Why You Should Care About Connections
The best worker isn’t always the one who wins the promotion. If no one knows you because you’re holed up in your cubicle all day, then the coworker who asks about the boss’s new puppy or organizes the NCAA basketball brackets may get to GS14 before you do.
If you’ve been hiding in your office for years, don’t suddenly emerge with a huge grin and start shaking everyone’s hand tomorrow. You don’t want to seem fake. Start by saying “good morning” to your colleague. Next week, when the gang heads out for tacos, surprise them and join the lunch bunch.

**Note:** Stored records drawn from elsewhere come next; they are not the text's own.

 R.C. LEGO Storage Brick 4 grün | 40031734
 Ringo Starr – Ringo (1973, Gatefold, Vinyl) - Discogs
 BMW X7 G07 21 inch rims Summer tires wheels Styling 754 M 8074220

Invest In Some Personal Time
Setting boundaries between work and your personal life is an important step in protecting both your job and your sanity. But to effectively network, you’ll need to be willing to spend some of your personal time getting to know the people in your company. That means taking time to have a coffee with a coworker before work, going to lunch, and joining the group for drinks after work. Some managers invite the team over for a supper night a few times a year, making sure to round up the evening by 7 p.m. so no one feels burdened. Everyone gets a chance to relax, relate a little more casually, feel appreciated, and see the boss as human.
Attend The Event
Go to at least some of the weddings, graduation parties, and other events you’re invited to attend. Don’t forget funerals either. Showing up deepens the relationships with people on your team. Carving out the time will be easier in some stages of life than others, but no matter how busy you are, you shouldn’t miss opportunities to express that you care about your coworkers and the important occasions in their lives.
Network On Your Level
In addition to taking an occasional lunch with your coworkers, look beyond your day-to-day team to network with people on your level working elsewhere in the company. Ask to meet up with someone in a different group. You can leverage a skill value or insight you have that might be helpful and also learn about the other employee’s division. Learning you wouldn’t want to work in a particular branch is just as important as identifying one you would want to join.

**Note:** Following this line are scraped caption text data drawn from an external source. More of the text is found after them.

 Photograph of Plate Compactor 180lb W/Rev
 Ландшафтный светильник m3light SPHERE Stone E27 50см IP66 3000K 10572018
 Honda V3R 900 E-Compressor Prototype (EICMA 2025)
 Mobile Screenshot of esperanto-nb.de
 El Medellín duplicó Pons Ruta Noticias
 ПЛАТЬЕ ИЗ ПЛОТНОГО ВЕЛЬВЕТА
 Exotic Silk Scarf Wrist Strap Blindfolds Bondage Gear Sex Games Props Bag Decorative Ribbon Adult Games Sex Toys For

While you’re networking with your peers, ask around to see who might be a good mentor, sponsor, or advisor. Start off casually, asking for a meeting on her terms and turf—since you’re initiating contact, you’ll need to be flexible and attentive to the other person’s preferences. Don’t limit yourself to one person—seek out several experts. No one person has all the answers, and you’re looking to gain as much knowledge as you can. Plus, if your one mentor leaves the company, you’ll need to start your search again.
As you come out of your shell and start making connections with others in your company, you might just find yourself enjoying your job more than you did in the past. But don’t get too attached to your current position—if you excel at networking, it’s likely you’ll find yourself moving up!